Normal random variables

4. Probability Distributions: Practical 4

Normal random variables

The normal distribution is the most widely used distribution in statistics. Its shape is determined by two parameters: the mean and standard deviation. The common way to specify that a random variable $X$ has a normal distribution with a mean $10$ and standard deviation $3$ is as follows

$X \sim N(10,3)$ .

We will apply this notation throughout this text.

Probability density

The probability density of a given value of $x$ and a given normal distribution $N(\mu,\sigma)$ , can be calculated with the function dnorm(x, mean, sd). Probability density plots are a nice way to visualise the probability densities associated with a given normal distribution.

Create a probability density plot of a normal distribution $N(0,1)$ .

First generate a sequence of values that you will use as x-values for the plot. Choose a range that will fit the whole distribution. The empirical rule states that $99.7\%$ of scores will be located within $3$ standard deviations from the mean. That means that a good range for the x-values is $-3$ to $3$ . However, here we make the range a little bit larger ( $-6$ to $6$ ) to fit also another distribution in the next example (which appears after selecting next example) . Take a small number for the steps (say $0.01$ ). This is needed to make the resulting plot look smooth. By now you should have acquired the habit that if you do not quite understand a command or like to know a bit more you should use R's help (e.g. ?seq).

x <- seq(-6, 6, 0.01)

Now you can use the dnorm() function to calculate the probability density at each of these values of $x$ ( $P(X = x)$ ) for the specified normal distribution. These will be your y-values.

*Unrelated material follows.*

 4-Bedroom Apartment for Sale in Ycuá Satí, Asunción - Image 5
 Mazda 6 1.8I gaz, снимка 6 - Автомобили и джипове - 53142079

y <- dnorm(x, mean=0, sd=1)

The last step is the actually plotting. Here, we used the parameter option type='l' to specifies that a line should be plotted rather than e.g. points. Mind that the 'l' in the code below stands for the lowercase letter L and not the number 1.

plot(x=x, y=y, type='l')

In the resulting plot, you see that the probability density is largest at the mean. It is furthermore symmetrical around the mean, thus for a random variable $X \sim N(0,1)$ , $P(X \leq -1) = P(X \geq 1)$ .

In the example below, we create a probality density plot of a normal distribution $N(0,2)$ .

New example

Now calculate values for normal distribution $N(0,2)$ and plot these in the same figure, to see what a distribution with the same mean but larger standard deviation looks like.

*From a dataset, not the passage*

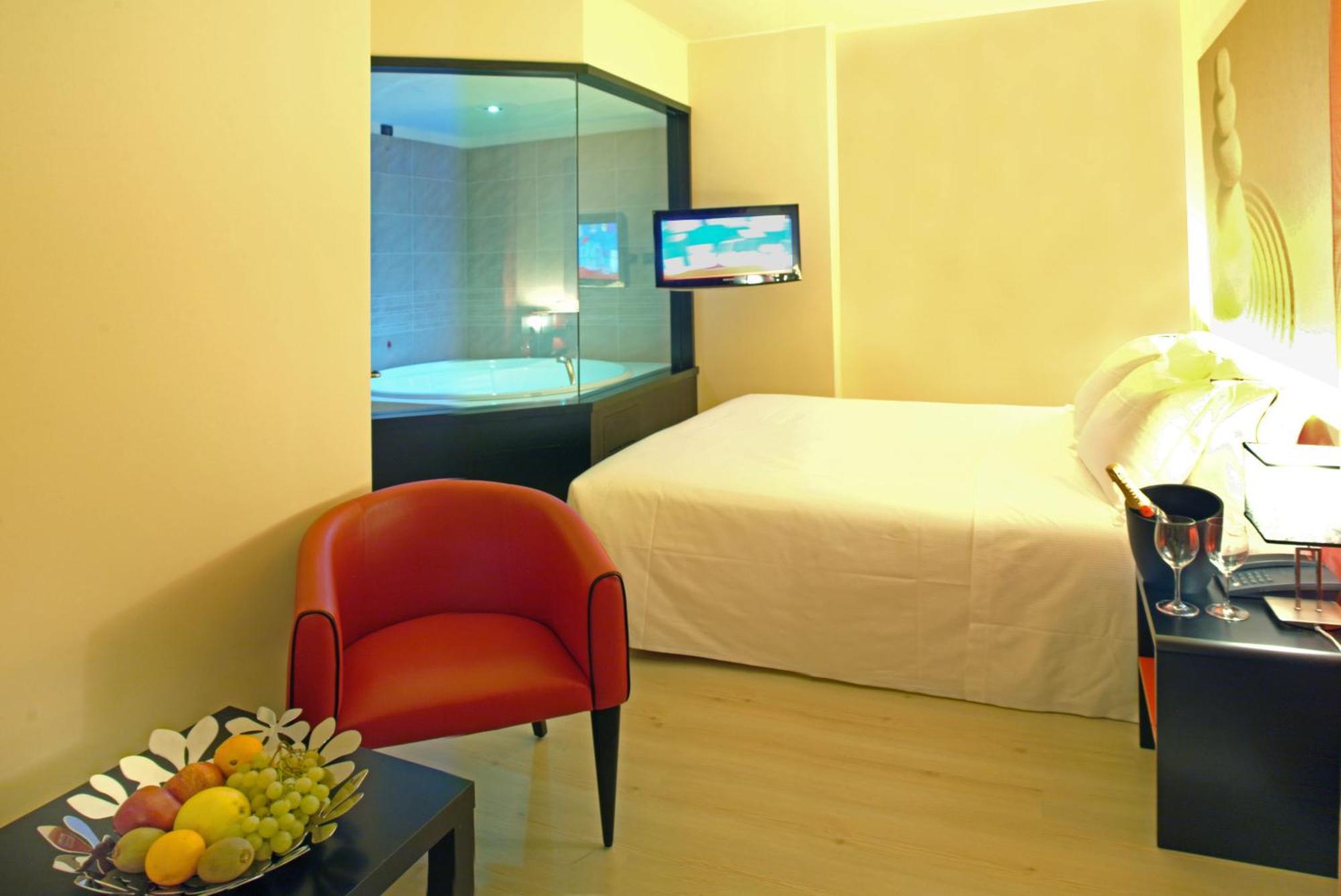 Amati' Design Hotel Zola Predosa Esterno foto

You can use the same x-values as in the previous example. So you only need to calculate the new y-values, which are again the probability densities at each of these values of x ( $P(X = x)$ ). This time for the normal distribution $N(0,2)$ .

y <- dnorm(x, mean=0, sd=2)

The lines() command adds a line to a plot that already exist (without changing the ranges of the axes or adjusting anything that already exists in the plot).

lines(x, y, col='red')

probability distribution plots: mean=0, sd=1 and sd=2.png
The result shows a curve that has a lower peak but stretches all the way from $-6$ to $6$ before the y-values get close to zero. This can be explained again with the empirical rule stating that $99.7\%$ of scores will be located within $3$ standard deviations from the mean.

New example

Cumulative probability density

To answer real-life questions about a random variable, we need to turn probability densities into probabilities. This means we are not looking at the height of the probability density curve, but rather the surface under the curve. A typical example of such a question is:

If the air temperature at 12:00 in Amsterdam in March is normally distributed with a mean of $10$ degrees C and a standard deviation of $4$ degrees, what is then the probability to experience a day where it is freezing (i.e. a temperature of $0$ degrees or less) at noon?

To answer such a question, we would consider $X \sim N(10,4)$ and find the value $P(X \le 0)$ .

The cumulative probability density function calculates the values $P(X \le x)$ . In mathematical terms: the cumulative probability density function integrates (=sums) the probability density values from $-\inf$ up to the value $x$ .

The command which calculates cumulative probability densities for a normal variable is pnorm(x, mean, sd).

Create a cumulative probability density plot for the normal distributions $N(0,1)$ and $N(0,2)$ .

Again, you need a sequence of values that you will use as x-values for the plot. You can do this in the same way as with the probability density plot in the previous example. If you still have the x-values stored in R's working environment, there is no need to rerun the command.

x <- seq(-6, 6, 0.01)

Now you use the pnorm() function to calculate the cumulative probability density at each of these values of x ( $P(X \le x)$ ) for the specified normal distributions. These will be your y-values.

cp1 <- pnorm(x, mean=0, sd=1)
cp2 <- pnorm(x, mean=0, sd=2)

Once, you have calculated the x- and y-values, you are ready for plotting!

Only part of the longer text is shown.